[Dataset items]
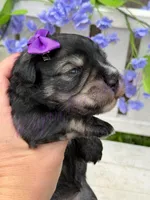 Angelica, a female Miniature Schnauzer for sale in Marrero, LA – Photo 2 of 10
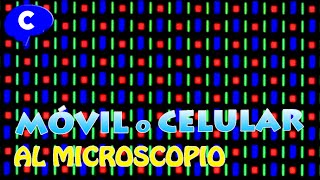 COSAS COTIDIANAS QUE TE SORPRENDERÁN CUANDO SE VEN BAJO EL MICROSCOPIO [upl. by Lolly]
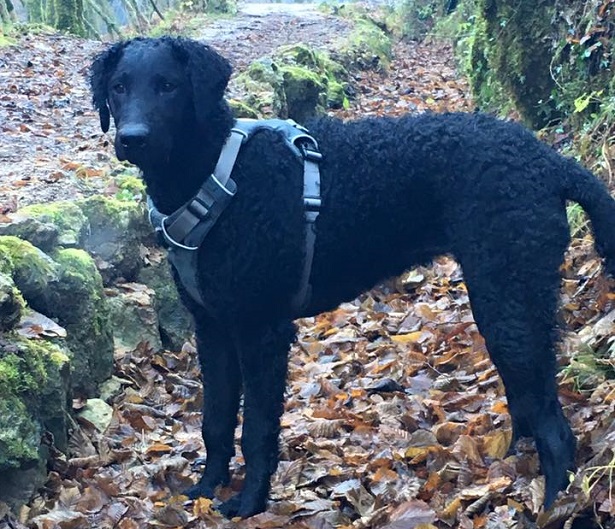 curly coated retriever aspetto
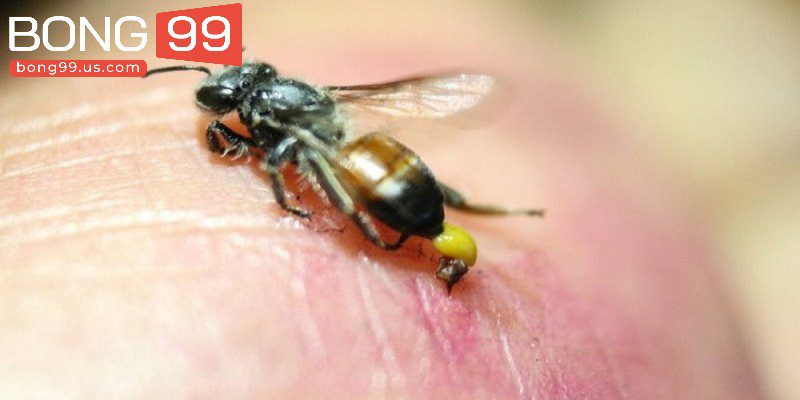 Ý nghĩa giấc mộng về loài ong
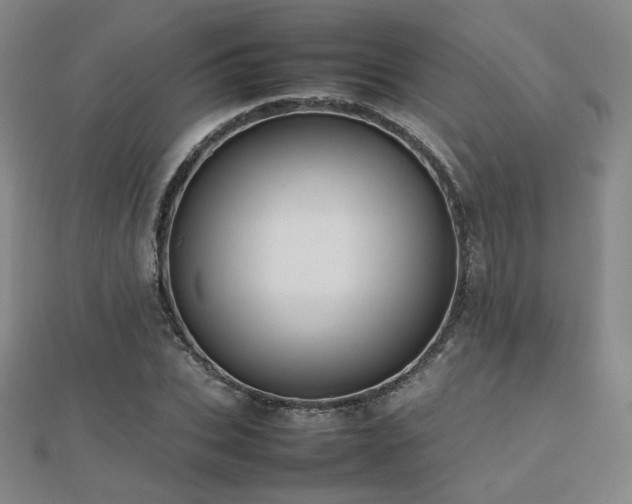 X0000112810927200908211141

==

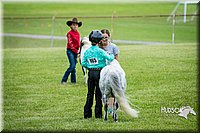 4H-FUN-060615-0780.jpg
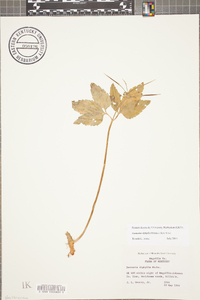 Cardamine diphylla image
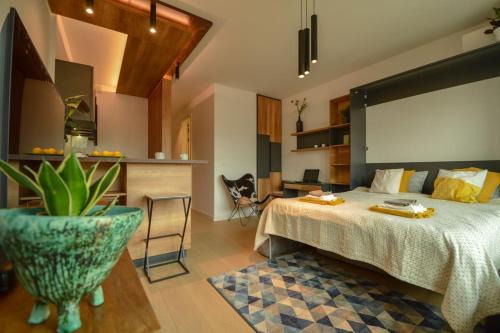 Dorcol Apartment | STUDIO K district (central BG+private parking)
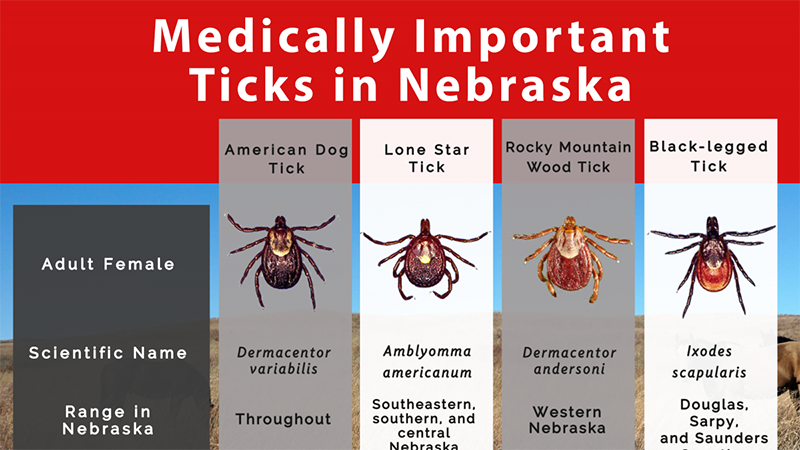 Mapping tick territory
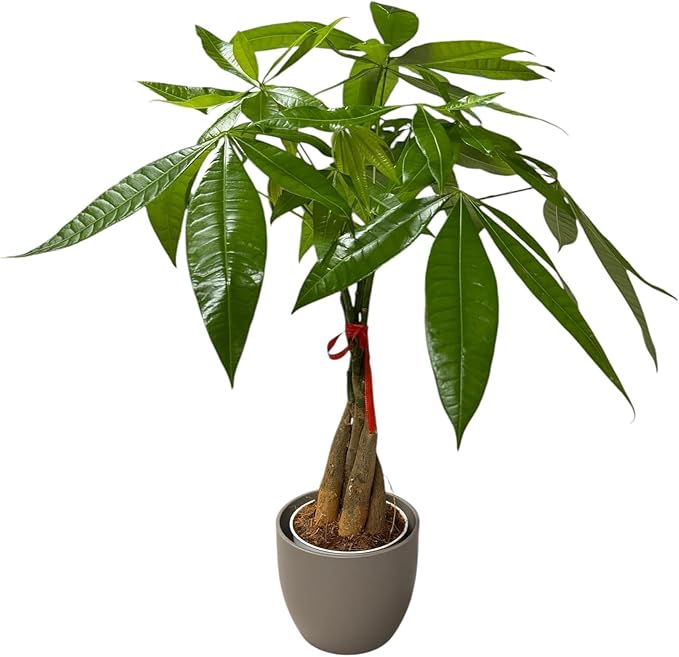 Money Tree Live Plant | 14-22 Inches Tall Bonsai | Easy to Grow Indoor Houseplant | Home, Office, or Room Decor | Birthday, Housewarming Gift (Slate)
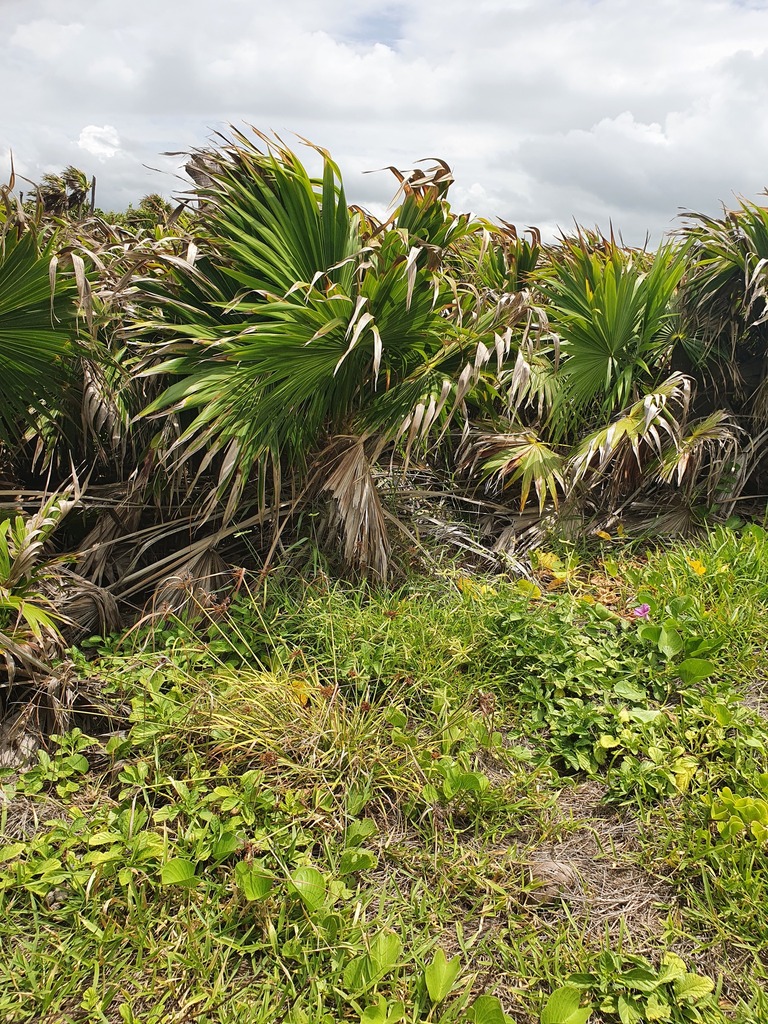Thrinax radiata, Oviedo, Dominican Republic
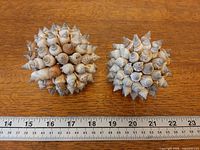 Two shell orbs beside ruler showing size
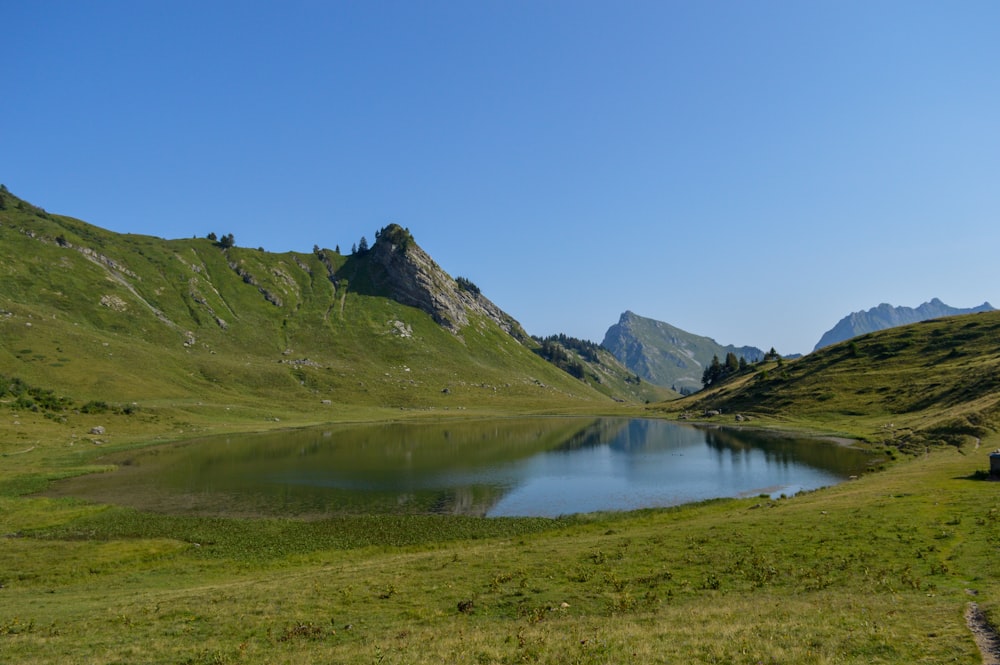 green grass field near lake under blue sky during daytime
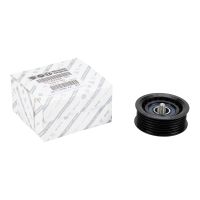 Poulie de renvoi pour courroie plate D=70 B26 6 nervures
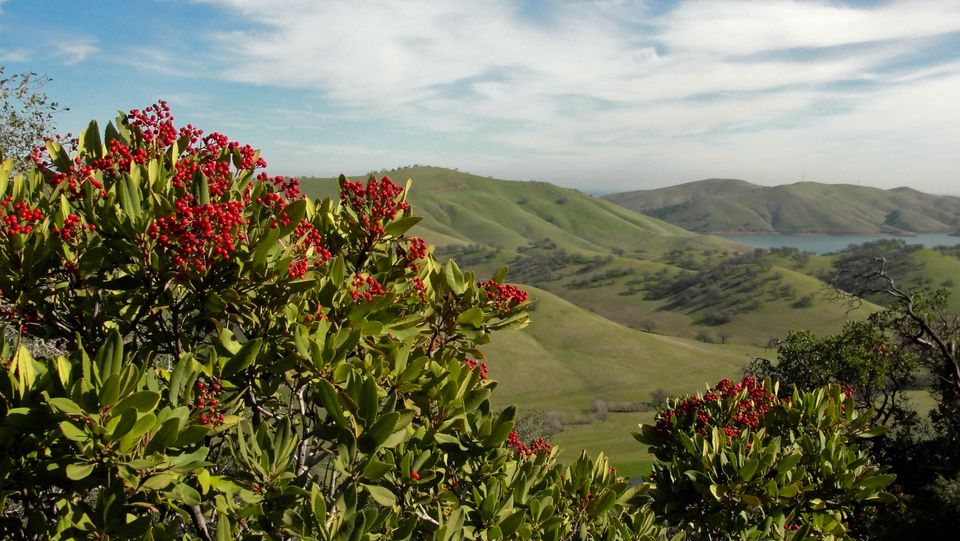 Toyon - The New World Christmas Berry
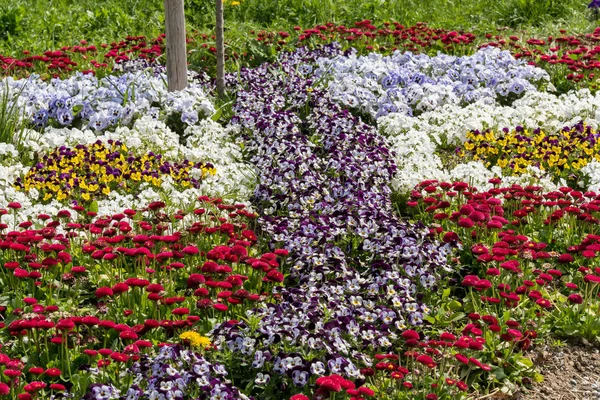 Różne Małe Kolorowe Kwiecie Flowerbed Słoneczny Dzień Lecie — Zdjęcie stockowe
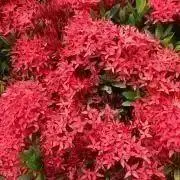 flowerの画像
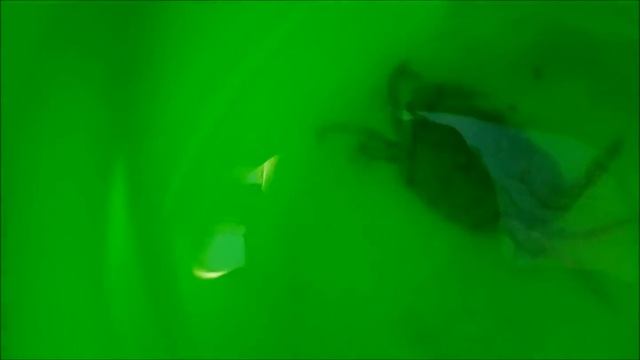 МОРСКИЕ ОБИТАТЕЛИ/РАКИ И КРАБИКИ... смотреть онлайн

...

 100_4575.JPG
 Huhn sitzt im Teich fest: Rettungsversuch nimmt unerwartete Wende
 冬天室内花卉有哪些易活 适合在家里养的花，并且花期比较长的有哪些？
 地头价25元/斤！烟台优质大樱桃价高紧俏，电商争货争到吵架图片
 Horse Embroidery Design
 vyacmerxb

REQUIRED WORK: Reproduce the lines above beginning at the line that contains "Angelica, a female" and ending at the line that contains "X0000112810927200908211141". No pictures.

TASK RESPONSE:
 Angelica, a female Miniature Schnauzer for sale in Marrero, LA – Photo 2 of 10
 COSAS COTIDIANAS QUE TE SORPRENDERÁN CUANDO SE VEN BAJO EL MICROSCOPIO [upl. by Lolly]
 curly coated retriever aspetto
 Ý nghĩa giấc mộng về loài ong
 X0000112810927200908211141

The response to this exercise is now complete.